Information.
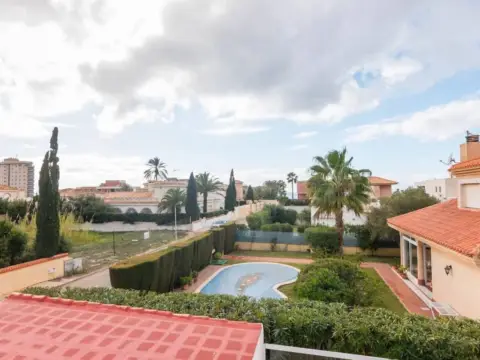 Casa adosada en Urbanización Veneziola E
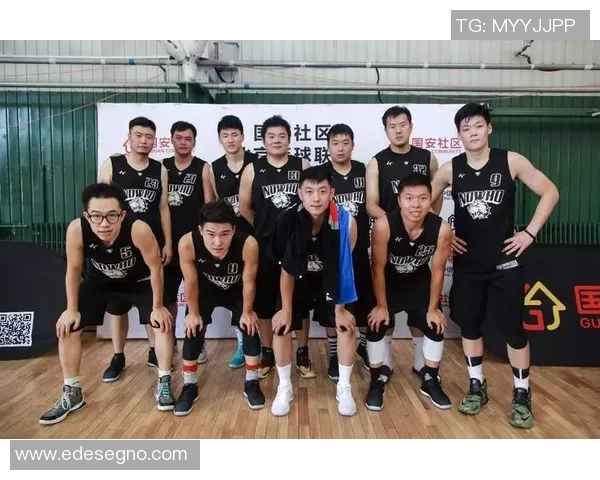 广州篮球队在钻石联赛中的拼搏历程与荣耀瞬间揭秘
* * *
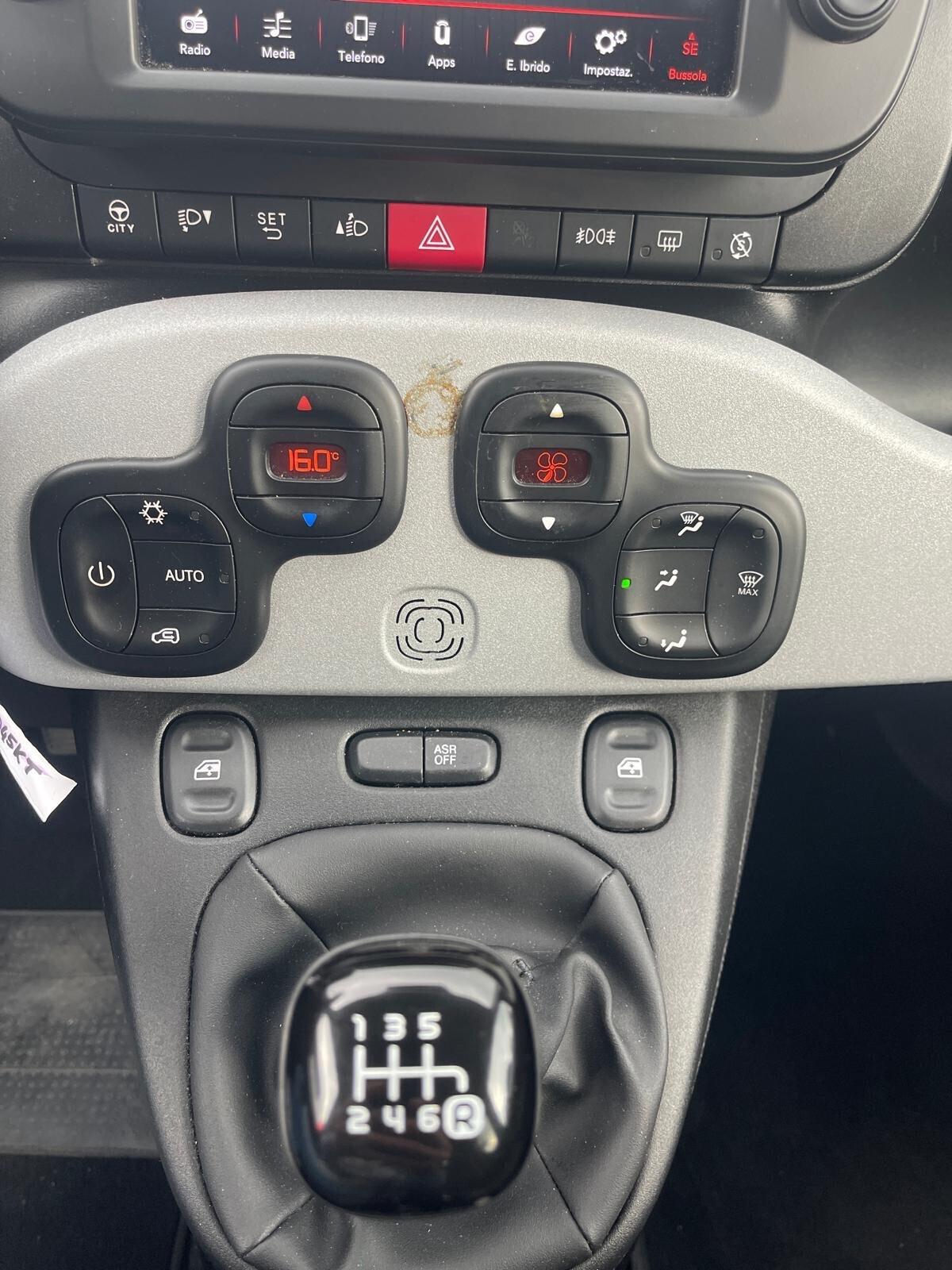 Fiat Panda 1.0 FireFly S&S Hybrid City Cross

Brief. Copy only what runs above from the line containing "Casa adosada en Urbanización Veneziola E" through the line containing "广州篮球队在钻石联赛中的拼搏历程与荣耀瞬间揭秘", exactly. Leave out the pictures.

Task solution.
 Casa adosada en Urbanización Veneziola E
 广州篮球队在钻石联赛中的拼搏历程与荣耀瞬间揭秘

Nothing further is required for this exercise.